__Supplied entries__:
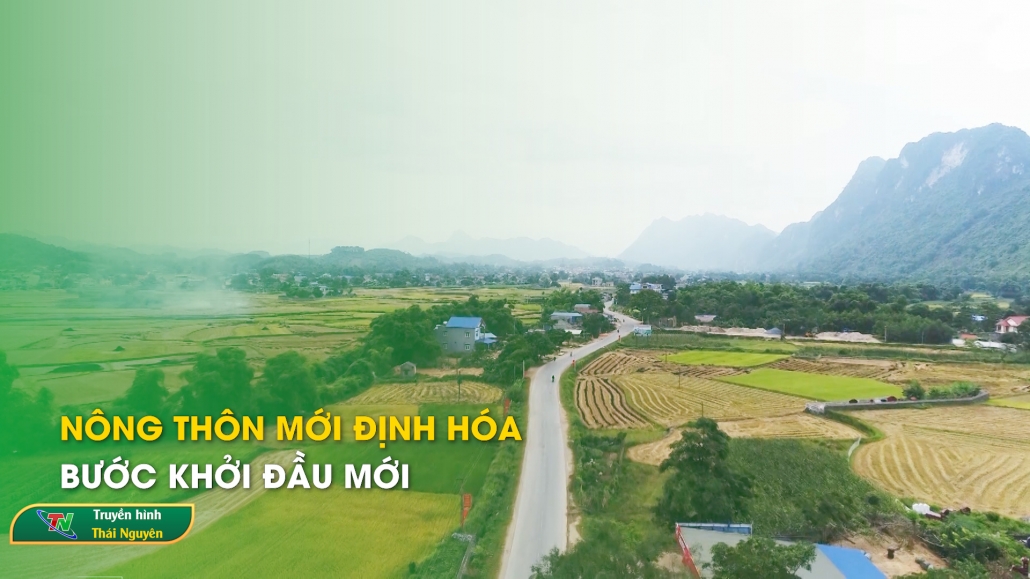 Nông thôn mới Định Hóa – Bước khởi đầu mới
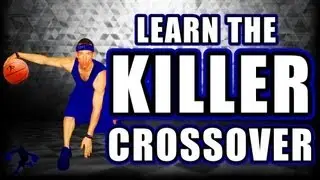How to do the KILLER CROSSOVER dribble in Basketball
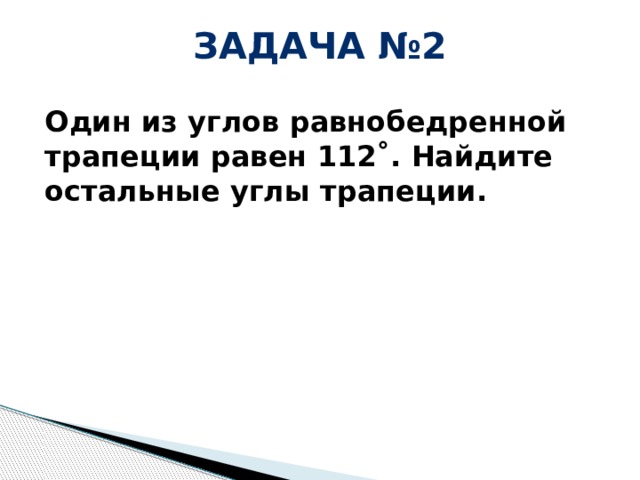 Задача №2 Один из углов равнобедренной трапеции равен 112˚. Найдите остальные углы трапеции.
...
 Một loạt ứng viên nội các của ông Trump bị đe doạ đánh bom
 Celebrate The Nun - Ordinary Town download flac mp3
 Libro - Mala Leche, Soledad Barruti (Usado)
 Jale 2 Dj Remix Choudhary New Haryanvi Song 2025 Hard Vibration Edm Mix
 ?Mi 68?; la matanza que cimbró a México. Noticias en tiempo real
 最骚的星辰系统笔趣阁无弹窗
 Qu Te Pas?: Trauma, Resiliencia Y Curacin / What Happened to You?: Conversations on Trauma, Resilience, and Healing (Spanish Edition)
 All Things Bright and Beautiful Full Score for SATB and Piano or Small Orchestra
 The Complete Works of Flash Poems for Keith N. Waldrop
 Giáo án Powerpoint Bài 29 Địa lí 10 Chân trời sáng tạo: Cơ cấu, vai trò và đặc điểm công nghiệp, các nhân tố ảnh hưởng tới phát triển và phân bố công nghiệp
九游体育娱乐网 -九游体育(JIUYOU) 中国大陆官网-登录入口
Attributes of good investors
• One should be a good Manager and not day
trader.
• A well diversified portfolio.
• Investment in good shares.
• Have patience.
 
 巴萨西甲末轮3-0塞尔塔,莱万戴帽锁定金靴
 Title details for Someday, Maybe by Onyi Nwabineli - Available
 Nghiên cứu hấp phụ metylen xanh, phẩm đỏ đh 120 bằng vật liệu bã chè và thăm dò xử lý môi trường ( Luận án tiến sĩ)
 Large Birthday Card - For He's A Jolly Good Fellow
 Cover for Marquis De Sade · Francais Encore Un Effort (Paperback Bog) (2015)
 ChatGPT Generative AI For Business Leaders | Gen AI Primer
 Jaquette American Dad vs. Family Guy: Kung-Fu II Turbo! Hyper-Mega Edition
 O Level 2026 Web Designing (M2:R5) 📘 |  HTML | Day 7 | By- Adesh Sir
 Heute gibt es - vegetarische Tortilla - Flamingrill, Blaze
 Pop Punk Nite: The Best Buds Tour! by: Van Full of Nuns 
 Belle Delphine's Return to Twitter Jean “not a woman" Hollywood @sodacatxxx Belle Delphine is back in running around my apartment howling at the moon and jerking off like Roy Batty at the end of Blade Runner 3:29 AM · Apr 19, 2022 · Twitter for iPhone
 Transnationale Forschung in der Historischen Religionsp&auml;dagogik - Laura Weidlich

__The problem__:
List all lines in the material containing the string "Full".

__Response to this task__:
 All Things Bright and Beautiful Full Score for SATB and Piano or Small Orchestra
 Pop Punk Nite: The Best Buds Tour! by: Van Full of Nuns 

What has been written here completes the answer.